Ah, ovviamente prima dobbiamo recuperare i bagagli, fare un’ora di fila per attendere lo shuttle bus e poi, solo poi, potremo davvero andare a sdraiarci sul letto e riposare per le restanti due o tre disponibili.

Sono stanca, arrabbiata e preoccupata, e tutto questo non mi piace. E tutt’a un tratto arriva Andu, un indonesiano che insegna Yoga a Melbourne e sta tornando a casa per trovare la famiglia, che tra racconti di cimiteri con carcasse a cielo aperto, locali Dragon Fly sperduti per la campagne balinesi, ristoranti javanesi e sim prepagate di nome Sympatie mi fa completamente dimenticare del dramma per riprendere il vero mood di questo viaggio: l’avventura! Per cui, avventura sia.

Mi addormento felice, pensando alla notte di domani, in cui sarò sdraiata in costume guardando l’oceano, mangiando Nasi Goreng e bevendo Bintang, come una vera ragazza Balinese che guida motorini e gioca a biliardo.

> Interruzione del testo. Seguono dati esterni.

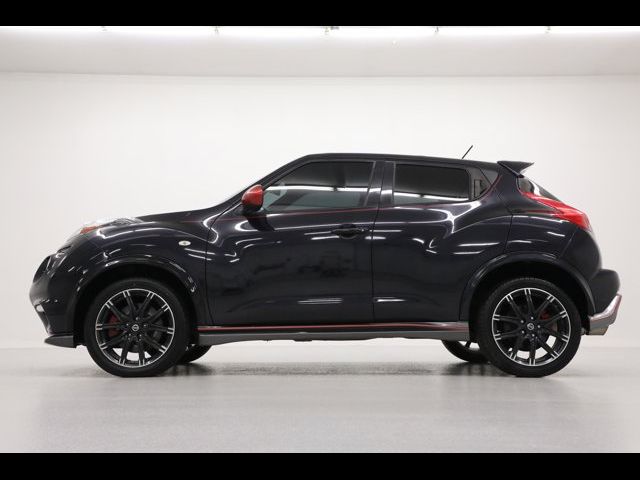 2014 Nissan Juke NISMO RS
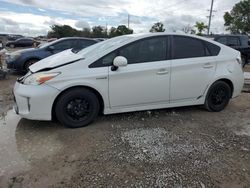 Salvage Cars with No Bids Yet For Sale at auction: 2015 Toyota Prius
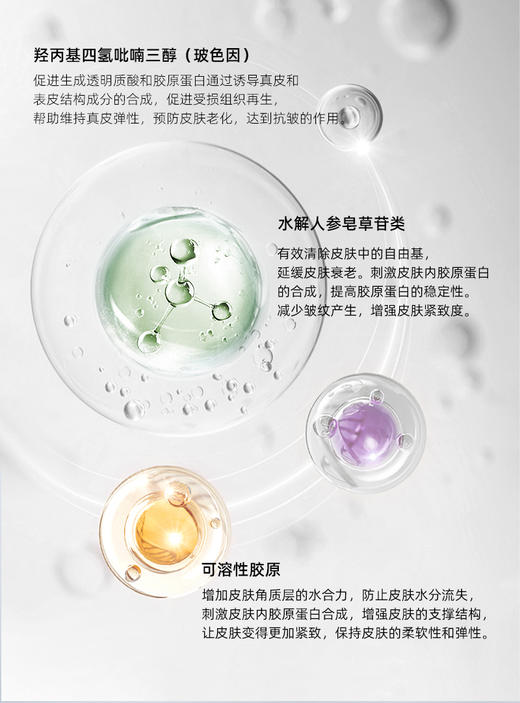 【会员专享】🔥🔥露千儿&若心多重胶原蛋白灌肤弹润精华水 商品图4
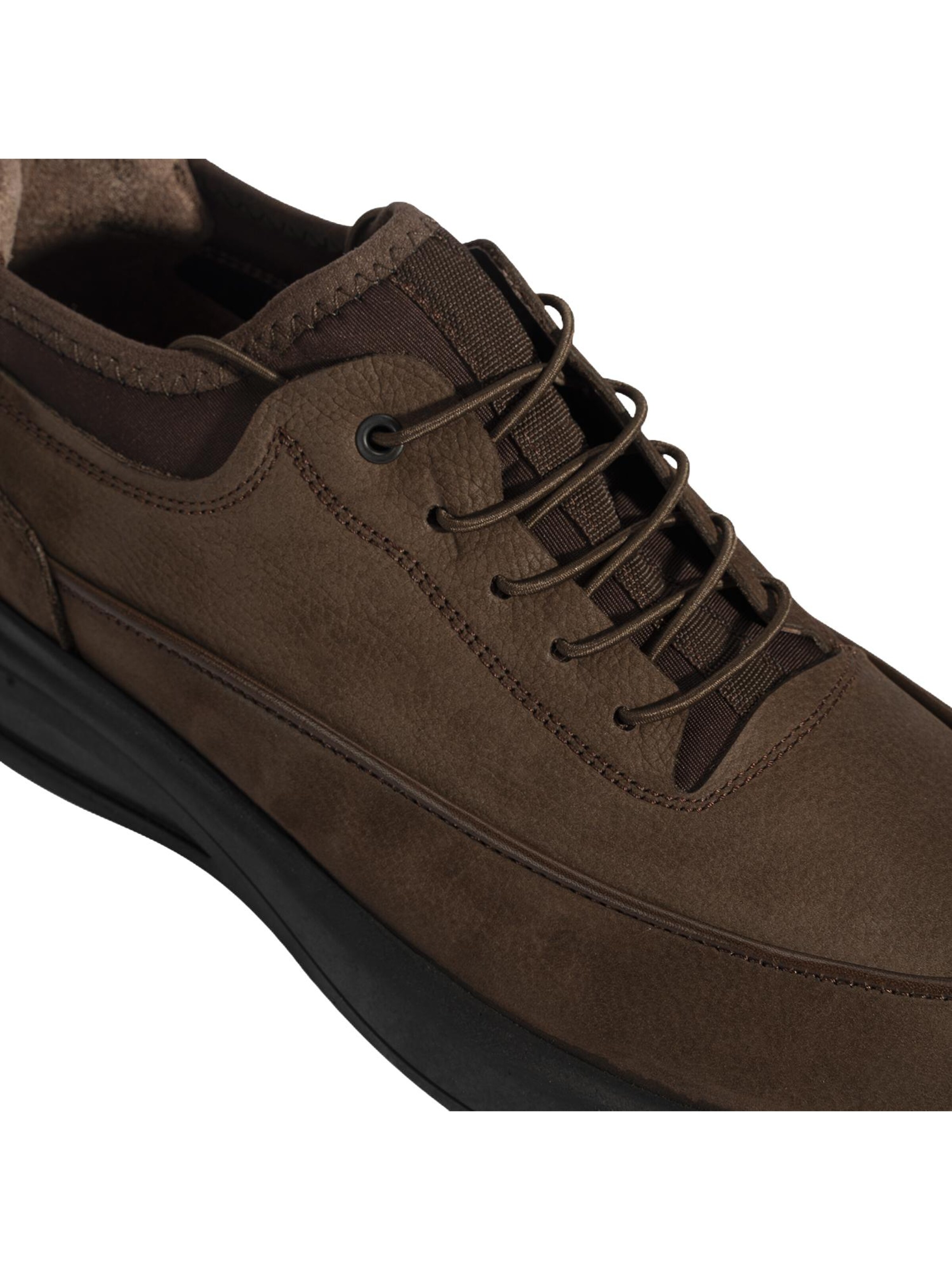 Slip on 'Trainer' Desa en marron
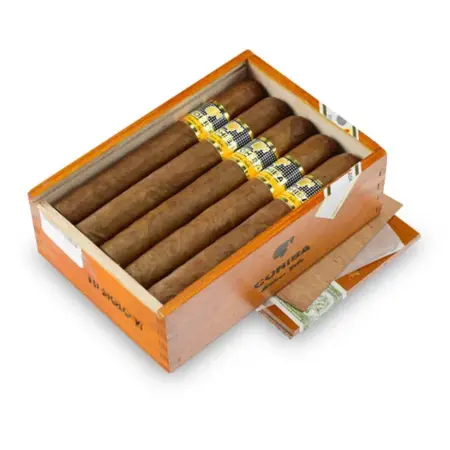 Cohiba Siglo Vi Box Of 10 1
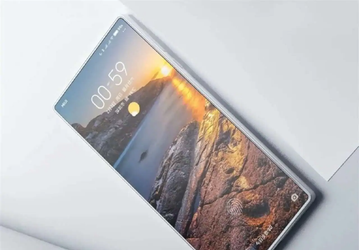 Новый Xiaomi Mi Mix получит систему 200-ваттной зарядки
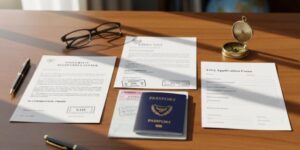 Simple & High Visa Success Rate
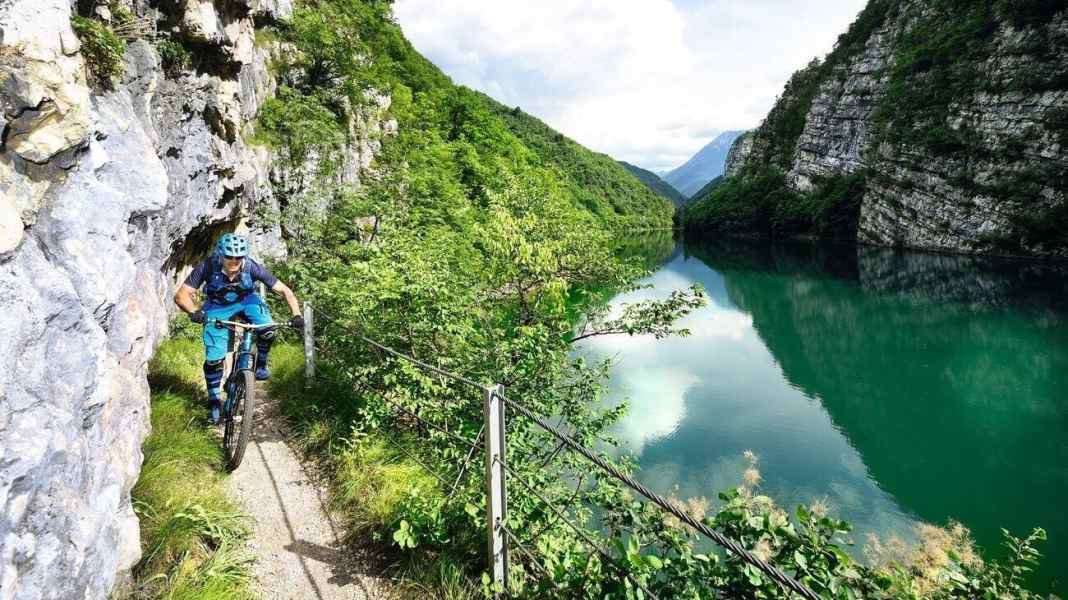 Rovereto: Die drei schönsten Touren am Monte Zugna
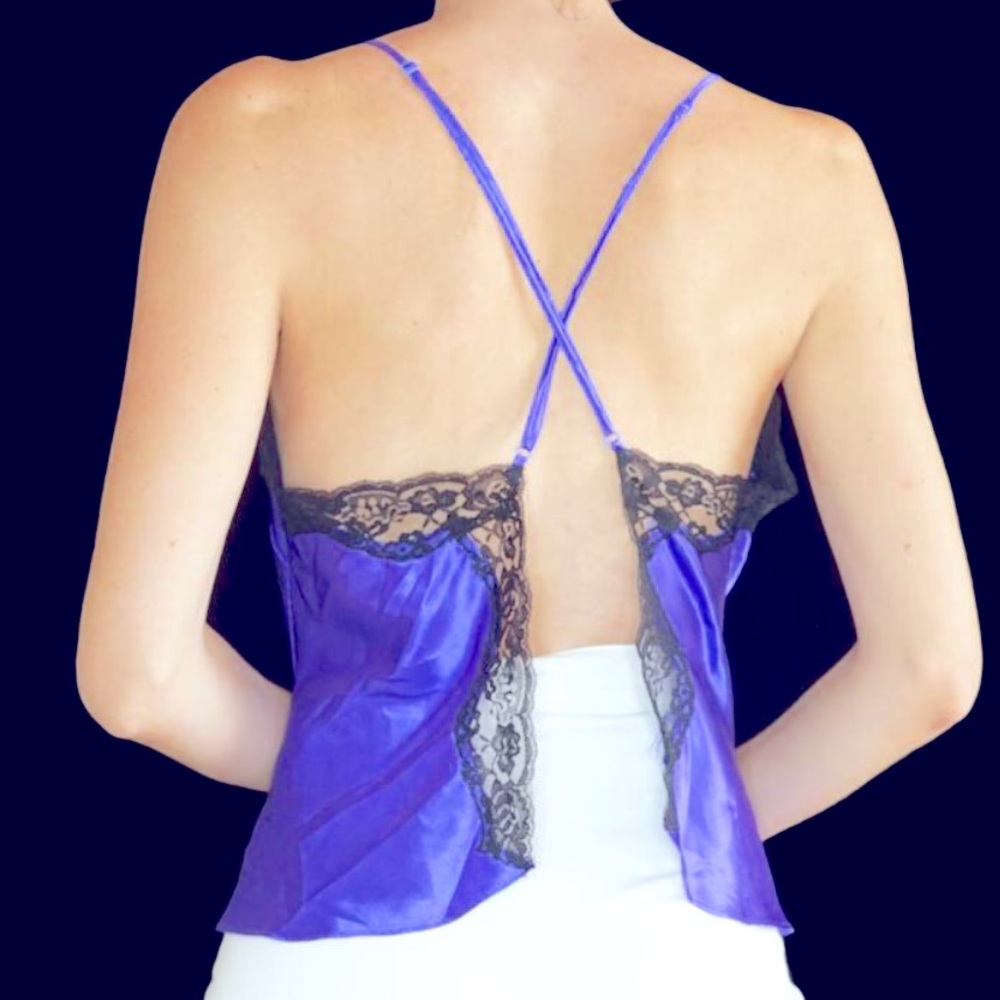 Fredericks of Hollywood. Lace and silk sexy flirty lingerie Women’s size x-large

Ma tutto questo non posso saperlo oggi, lo scoprirò domani, non appena lasciata la terra down under di passaggio dalla terra di mezzo, per approdare nell’isola del riso, della magia e dello Yoga. L’isola che resterà per sempre attaccata come una cozza al cuore, l’isola che mi cambierà da dentro e definitivamente.